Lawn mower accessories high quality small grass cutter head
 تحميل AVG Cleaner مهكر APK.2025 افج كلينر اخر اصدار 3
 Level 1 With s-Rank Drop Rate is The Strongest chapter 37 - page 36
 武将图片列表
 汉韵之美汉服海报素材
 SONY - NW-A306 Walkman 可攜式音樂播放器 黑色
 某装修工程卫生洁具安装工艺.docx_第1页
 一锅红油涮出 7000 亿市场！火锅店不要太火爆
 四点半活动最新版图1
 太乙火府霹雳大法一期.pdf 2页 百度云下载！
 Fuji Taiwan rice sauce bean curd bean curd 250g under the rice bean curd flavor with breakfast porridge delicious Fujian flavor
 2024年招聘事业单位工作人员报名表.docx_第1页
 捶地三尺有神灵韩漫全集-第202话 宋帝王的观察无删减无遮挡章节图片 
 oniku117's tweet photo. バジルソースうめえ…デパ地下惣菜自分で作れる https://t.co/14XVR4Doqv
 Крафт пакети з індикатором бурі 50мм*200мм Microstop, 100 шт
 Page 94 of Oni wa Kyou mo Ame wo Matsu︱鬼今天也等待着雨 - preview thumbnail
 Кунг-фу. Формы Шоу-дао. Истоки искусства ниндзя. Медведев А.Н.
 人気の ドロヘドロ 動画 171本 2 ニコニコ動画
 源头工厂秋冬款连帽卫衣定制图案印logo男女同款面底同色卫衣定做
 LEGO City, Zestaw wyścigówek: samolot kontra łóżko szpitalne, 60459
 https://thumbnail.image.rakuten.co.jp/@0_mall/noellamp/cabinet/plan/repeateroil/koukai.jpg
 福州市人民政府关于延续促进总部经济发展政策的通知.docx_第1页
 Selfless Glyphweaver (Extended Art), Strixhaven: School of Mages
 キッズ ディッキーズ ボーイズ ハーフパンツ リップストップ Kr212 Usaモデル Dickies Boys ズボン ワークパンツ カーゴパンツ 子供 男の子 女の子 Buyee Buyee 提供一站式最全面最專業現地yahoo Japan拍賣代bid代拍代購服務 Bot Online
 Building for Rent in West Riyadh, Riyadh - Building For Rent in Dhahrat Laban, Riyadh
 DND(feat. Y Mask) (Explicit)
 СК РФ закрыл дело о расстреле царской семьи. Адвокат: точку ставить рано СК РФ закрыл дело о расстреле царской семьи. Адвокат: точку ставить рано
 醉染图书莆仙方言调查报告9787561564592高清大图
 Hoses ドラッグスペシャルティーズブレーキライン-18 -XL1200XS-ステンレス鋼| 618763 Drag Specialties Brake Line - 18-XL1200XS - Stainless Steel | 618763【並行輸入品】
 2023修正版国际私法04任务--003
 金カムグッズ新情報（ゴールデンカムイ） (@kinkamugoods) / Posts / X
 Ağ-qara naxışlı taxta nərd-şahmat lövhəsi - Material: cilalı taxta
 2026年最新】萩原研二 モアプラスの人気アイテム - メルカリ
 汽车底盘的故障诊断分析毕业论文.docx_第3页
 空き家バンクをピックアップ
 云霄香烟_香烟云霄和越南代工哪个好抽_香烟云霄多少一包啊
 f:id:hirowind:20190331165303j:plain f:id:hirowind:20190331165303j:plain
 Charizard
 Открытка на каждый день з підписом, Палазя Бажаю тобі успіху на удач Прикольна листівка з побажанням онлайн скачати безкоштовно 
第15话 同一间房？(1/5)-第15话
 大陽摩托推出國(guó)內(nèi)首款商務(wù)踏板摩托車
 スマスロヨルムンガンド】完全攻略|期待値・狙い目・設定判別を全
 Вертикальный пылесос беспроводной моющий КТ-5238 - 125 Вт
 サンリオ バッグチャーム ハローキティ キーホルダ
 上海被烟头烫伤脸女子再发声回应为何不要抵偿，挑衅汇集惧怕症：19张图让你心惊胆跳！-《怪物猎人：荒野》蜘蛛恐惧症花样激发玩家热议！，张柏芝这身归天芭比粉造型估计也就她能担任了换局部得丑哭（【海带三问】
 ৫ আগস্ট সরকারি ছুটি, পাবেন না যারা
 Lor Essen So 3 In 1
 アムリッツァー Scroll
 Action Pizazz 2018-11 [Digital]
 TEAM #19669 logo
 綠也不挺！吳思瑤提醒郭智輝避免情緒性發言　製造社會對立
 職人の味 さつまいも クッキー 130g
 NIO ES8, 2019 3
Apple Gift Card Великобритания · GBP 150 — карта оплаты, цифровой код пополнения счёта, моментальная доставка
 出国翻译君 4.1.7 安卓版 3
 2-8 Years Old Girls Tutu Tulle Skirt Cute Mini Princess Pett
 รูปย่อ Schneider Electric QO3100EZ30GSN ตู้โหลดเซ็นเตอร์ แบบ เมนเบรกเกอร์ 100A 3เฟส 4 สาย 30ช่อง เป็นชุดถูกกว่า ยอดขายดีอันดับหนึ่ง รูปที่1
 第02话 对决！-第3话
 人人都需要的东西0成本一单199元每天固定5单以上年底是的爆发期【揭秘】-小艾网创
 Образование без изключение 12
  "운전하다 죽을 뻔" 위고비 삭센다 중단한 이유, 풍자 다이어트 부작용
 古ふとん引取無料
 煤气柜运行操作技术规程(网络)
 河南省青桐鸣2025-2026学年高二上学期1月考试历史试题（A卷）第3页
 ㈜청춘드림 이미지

::::::::::

• _TASK PROMPT_: The lines to copy are those above that contain the string "thumbnail".

• _REPLY TO THE TASK_:
 Page 94 of Oni wa Kyou mo Ame wo Matsu︱鬼今天也等待着雨 - preview thumbnail
 https://thumbnail.image.rakuten.co.jp/@0_mall/noellamp/cabinet/plan/repeateroil/koukai.jpg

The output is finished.